__TASK REQUIREMENTS__
Pictures in the material below are to be left out, and only the lines from the line with "Woman in long" up to and including the line with "Barbour Buckle Lace-up Boots In Black" are to be written out exactly.

Top of DATASET CONTENT

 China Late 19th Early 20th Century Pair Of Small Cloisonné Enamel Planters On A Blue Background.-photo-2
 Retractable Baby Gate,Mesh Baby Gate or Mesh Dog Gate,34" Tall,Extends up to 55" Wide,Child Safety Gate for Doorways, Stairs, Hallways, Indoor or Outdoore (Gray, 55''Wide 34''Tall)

Bottom of DATASET CONTENT
Top of DATASET CONTENT

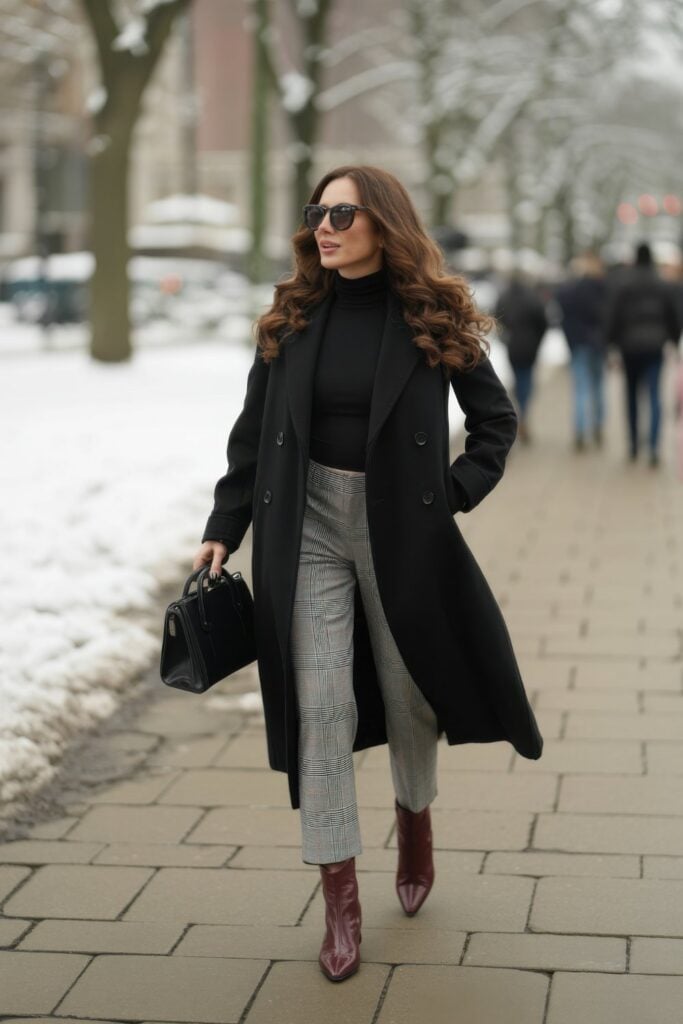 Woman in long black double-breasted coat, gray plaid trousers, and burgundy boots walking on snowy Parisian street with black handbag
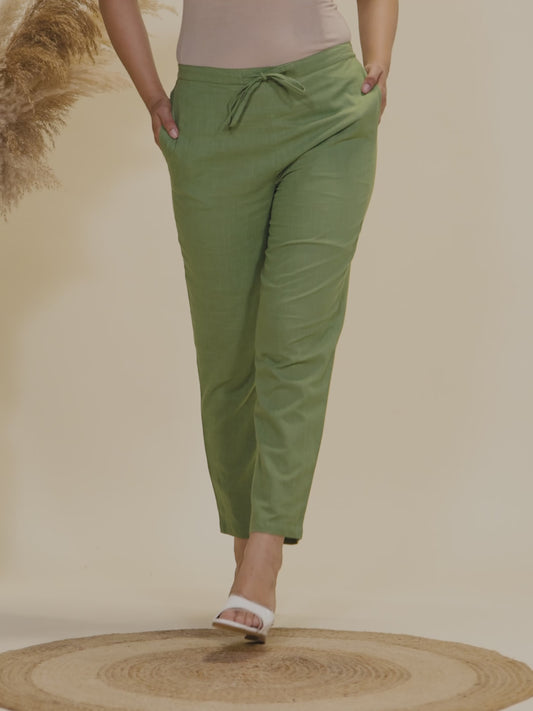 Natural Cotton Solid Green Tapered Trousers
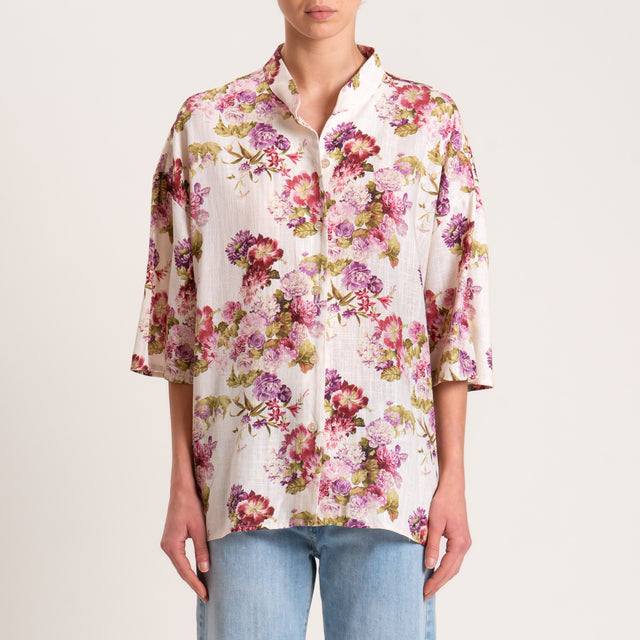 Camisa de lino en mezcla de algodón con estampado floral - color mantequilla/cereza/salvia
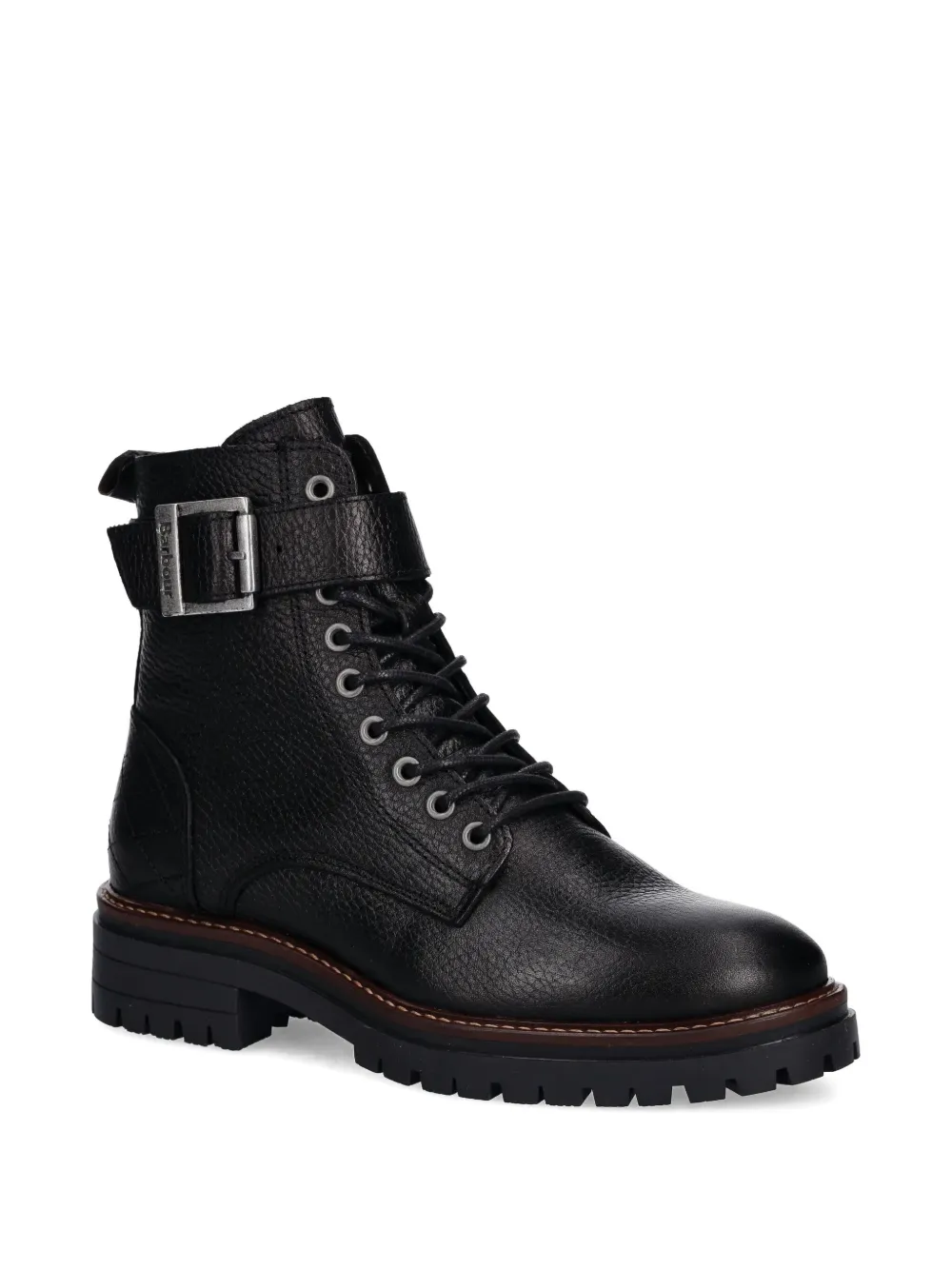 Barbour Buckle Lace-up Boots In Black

Bottom of DATASET CONTENT

__PROBLEM SOLUTION__
 Woman in long black double-breasted coat, gray plaid trousers, and burgundy boots walking on snowy Parisian street with black handbag
 Natural Cotton Solid Green Tapered Trousers
 Camisa de lino en mezcla de algodón con estampado floral - color mantequilla/cereza/salvia
 Barbour Buckle Lace-up Boots In Black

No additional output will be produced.